Dataset extract:

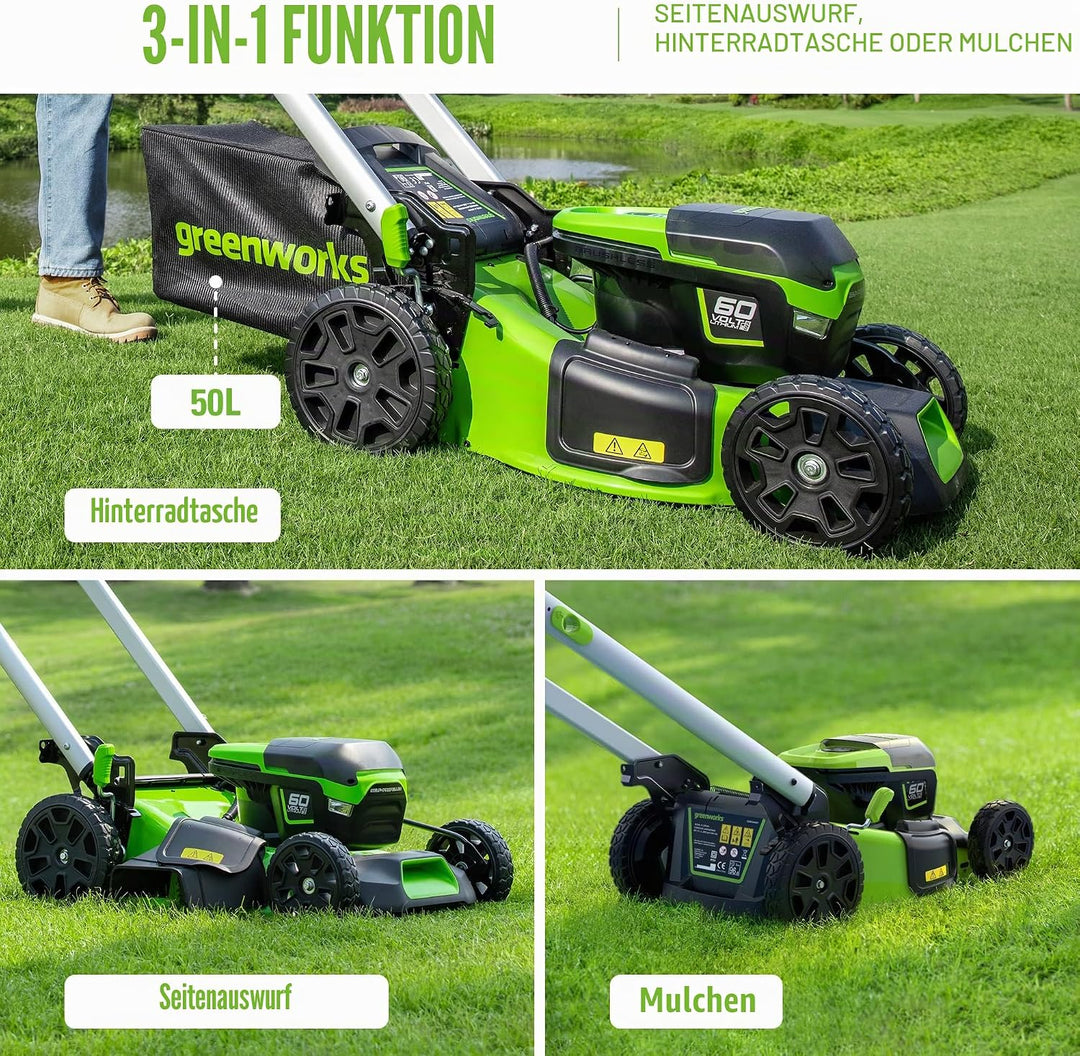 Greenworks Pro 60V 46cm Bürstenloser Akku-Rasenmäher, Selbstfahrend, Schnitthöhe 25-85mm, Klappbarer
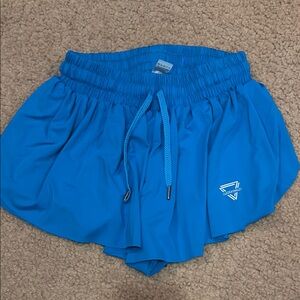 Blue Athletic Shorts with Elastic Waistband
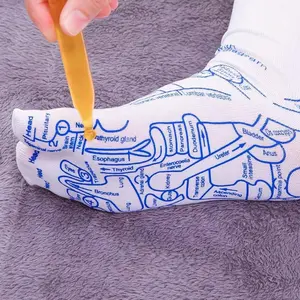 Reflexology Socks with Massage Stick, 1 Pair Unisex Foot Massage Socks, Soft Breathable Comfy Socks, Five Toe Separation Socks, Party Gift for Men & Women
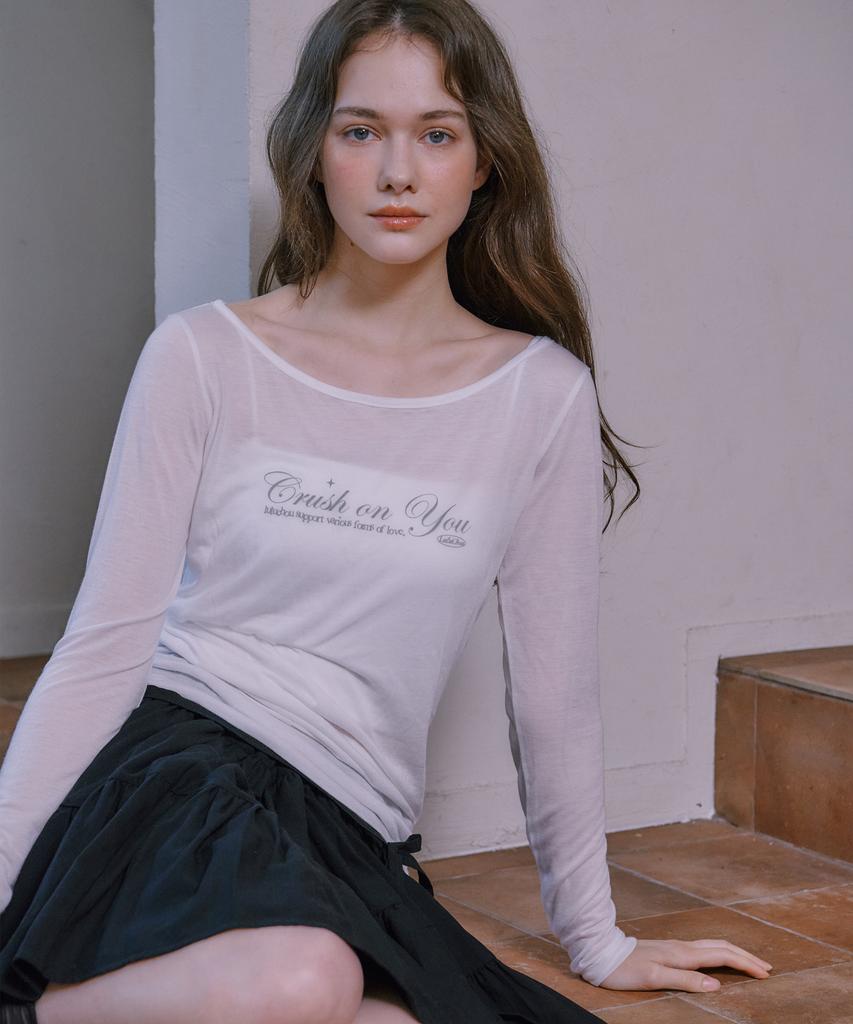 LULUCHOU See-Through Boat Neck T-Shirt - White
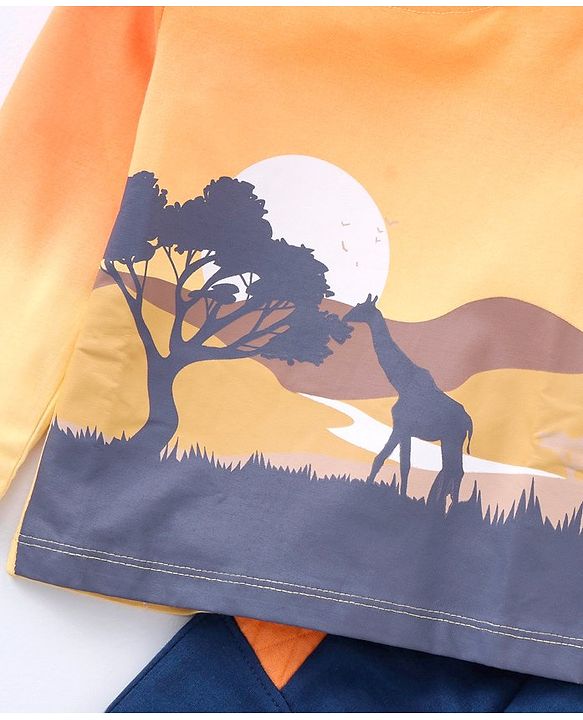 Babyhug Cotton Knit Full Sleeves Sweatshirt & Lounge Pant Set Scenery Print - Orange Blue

Task brief: Repeat the material above in full and exactly, omitting the pictures.

Result of the exercise:
 Greenworks Pro 60V 46cm Bürstenloser Akku-Rasenmäher, Selbstfahrend, Schnitthöhe 25-85mm, Klappbarer
 Blue Athletic Shorts with Elastic Waistband
 Reflexology Socks with Massage Stick, 1 Pair Unisex Foot Massage Socks, Soft Breathable Comfy Socks, Five Toe Separation Socks, Party Gift for Men & Women
 LULUCHOU See-Through Boat Neck T-Shirt - White
 Babyhug Cotton Knit Full Sleeves Sweatshirt & Lounge Pant Set Scenery Print - Orange Blue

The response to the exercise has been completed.